— TASK ITEM —
Would you please copy all of the data exactly, skipping the images?

— GIVEN INFORMATION —
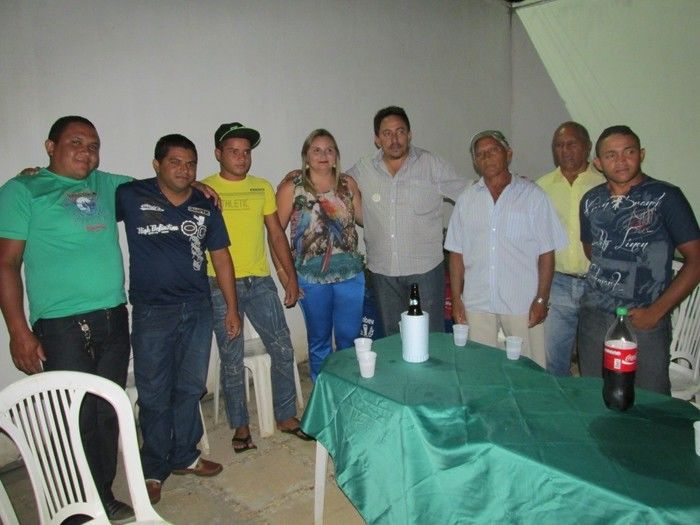 prefeito: Walter Alencar faz festa em sua Residência para homenagear Funcionários em Agricolândia - Imagem 21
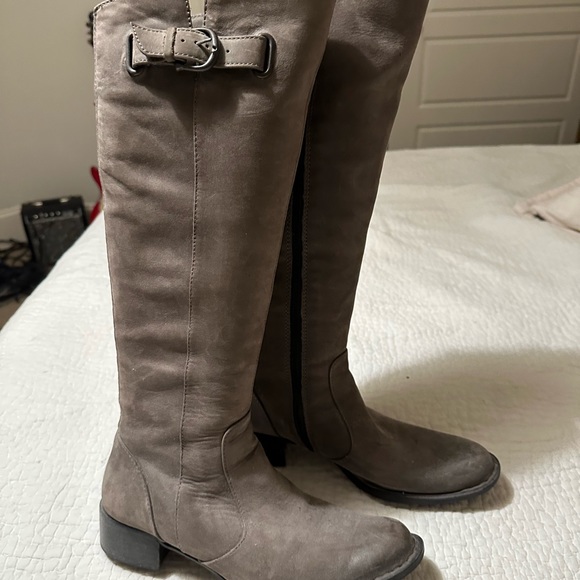 BORN brand below the knee boots, grey. - Picture 2 of 6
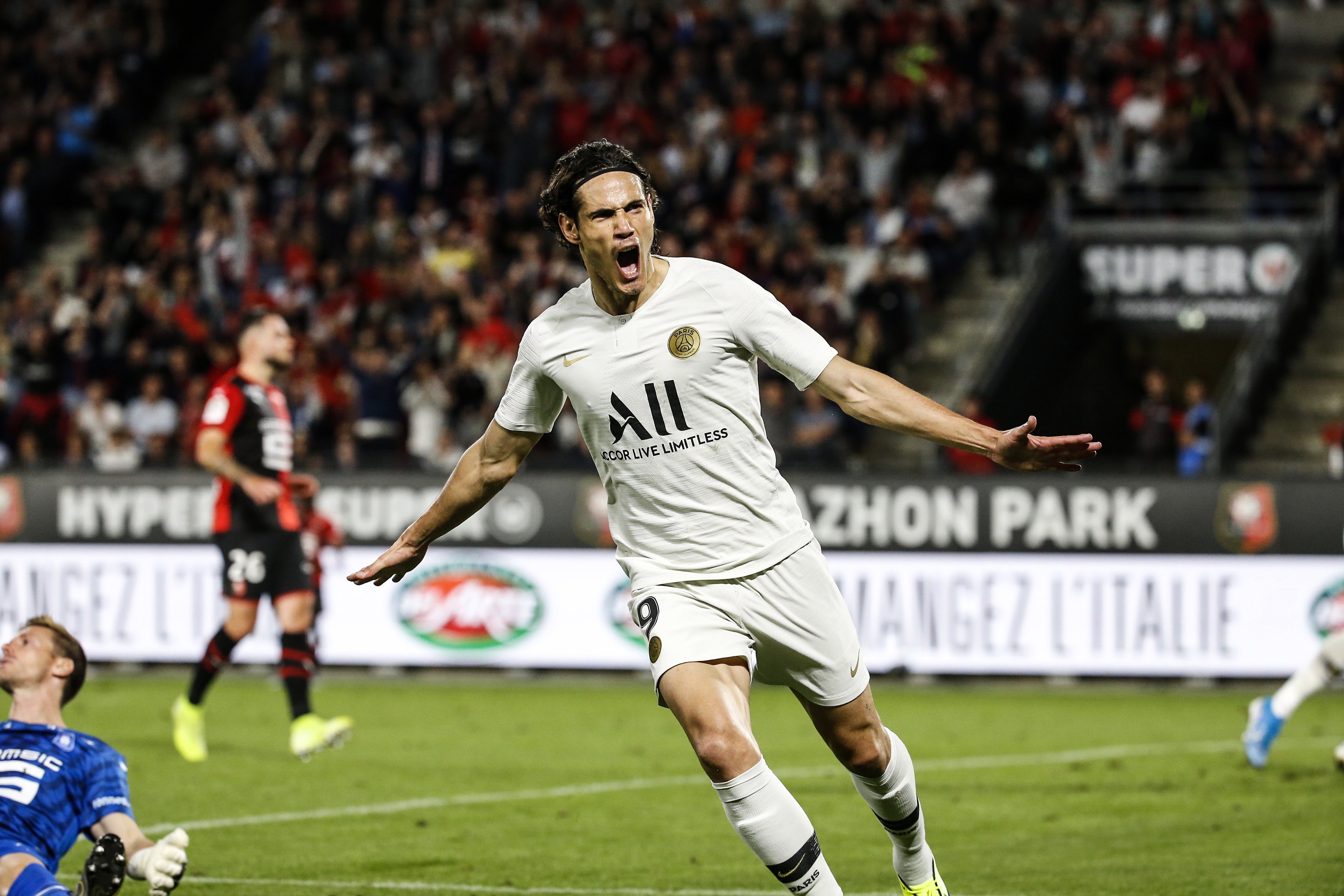 新疆广汇关键时刻调整名单,志在法甲名次提升,话题不断,资深球员宣示担当的简单介绍 新疆广汇关键时刻调整名单,志在法甲名次提升,话题不断,资深球员宣示担当的简单介绍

— ANSWER —
 prefeito: Walter Alencar faz festa em sua Residência para homenagear Funcionários em Agricolândia - Imagem 21
 BORN brand below the knee boots, grey. - Picture 2 of 6
 新疆广汇关键时刻调整名单,志在法甲名次提升,话题不断,资深球员宣示担当的简单介绍 新疆广汇关键时刻调整名单,志在法甲名次提升,话题不断,资深球员宣示担当的简单介绍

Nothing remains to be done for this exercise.